-----------------------------------------------------------
Statistics Seminar Series
Wednesday, Feb. 27, 2013, 2:30 PM
Cullimore, Room 611
New Jersey Institute of Technology
-----------------------------------------------------------
Integrative Analysis of
Prognosis Data on Multiple Cancer Subtypes
Using Compound Group Bridge
Jin Liu
Department of Biostatistics, Yale University
Abstract
In cancer research, profiling studies have been extensively
conducted, searching for genes/SNPs associated with prognosis. Examining the
similarity and difference in the genetic basis of multiple subtypes of the same
cancer can lead to better understanding of their connections and distinctions.

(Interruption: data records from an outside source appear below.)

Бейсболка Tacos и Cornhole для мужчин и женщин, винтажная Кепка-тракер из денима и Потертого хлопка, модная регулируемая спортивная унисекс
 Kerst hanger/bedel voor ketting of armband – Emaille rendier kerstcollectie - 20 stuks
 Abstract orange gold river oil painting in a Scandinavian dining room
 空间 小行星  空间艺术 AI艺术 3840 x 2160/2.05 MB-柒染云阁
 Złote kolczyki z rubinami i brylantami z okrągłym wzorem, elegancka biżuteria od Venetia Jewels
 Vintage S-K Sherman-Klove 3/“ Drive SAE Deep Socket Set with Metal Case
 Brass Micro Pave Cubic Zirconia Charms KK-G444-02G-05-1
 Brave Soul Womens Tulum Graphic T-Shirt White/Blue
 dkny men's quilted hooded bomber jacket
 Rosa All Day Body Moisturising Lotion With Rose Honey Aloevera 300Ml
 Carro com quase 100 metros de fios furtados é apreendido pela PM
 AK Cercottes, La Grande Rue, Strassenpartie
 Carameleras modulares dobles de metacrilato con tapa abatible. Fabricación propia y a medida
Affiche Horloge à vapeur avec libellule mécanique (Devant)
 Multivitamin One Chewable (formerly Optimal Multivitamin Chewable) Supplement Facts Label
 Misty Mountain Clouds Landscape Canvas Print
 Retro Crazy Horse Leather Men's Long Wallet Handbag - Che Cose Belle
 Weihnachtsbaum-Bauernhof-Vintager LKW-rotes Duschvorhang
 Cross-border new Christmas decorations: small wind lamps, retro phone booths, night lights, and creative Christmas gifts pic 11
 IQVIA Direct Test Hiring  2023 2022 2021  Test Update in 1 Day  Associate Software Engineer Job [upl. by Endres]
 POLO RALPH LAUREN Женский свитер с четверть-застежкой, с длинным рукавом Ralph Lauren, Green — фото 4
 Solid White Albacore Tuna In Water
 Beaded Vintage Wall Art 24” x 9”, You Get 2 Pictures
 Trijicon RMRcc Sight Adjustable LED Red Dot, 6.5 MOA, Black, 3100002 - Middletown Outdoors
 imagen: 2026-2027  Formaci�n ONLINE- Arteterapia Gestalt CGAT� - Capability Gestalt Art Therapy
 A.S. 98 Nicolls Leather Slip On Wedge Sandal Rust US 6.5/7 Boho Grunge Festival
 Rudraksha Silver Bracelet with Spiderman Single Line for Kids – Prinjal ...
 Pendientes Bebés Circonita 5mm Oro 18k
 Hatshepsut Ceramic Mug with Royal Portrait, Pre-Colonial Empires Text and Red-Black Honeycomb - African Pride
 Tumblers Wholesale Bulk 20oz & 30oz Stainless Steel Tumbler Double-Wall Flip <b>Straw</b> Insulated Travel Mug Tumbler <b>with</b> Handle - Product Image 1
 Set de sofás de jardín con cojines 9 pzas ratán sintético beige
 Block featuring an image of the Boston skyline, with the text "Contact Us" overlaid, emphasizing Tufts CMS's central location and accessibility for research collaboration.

Integrative analysis approaches analyze the raw data on multiple subtypes simultaneously.
In this study, prognosis data on multiple subtypes of the same cancer are analyzed.
An AFT model is adopted to describe survival. The genetic basis of multiple
subtypes is described using the heterogeneity model, which allows a gene/SNP to
be associated with the prognosis of some subtypes but not the others. A
compound penalization approach is developed to conduct gene-level analysis and
identify genes that contain important SNPs associated with prognosis. The
proposed approach has an intuitive formulation and can be realized using an
iterative algorithm. Asymptotic properties are rigorously established.
Simulation shows that the proposed approach has satisfactory performance. An
NHL (non-Hodgkin lymphoma) prognosis study with SNP measurements is analyzed.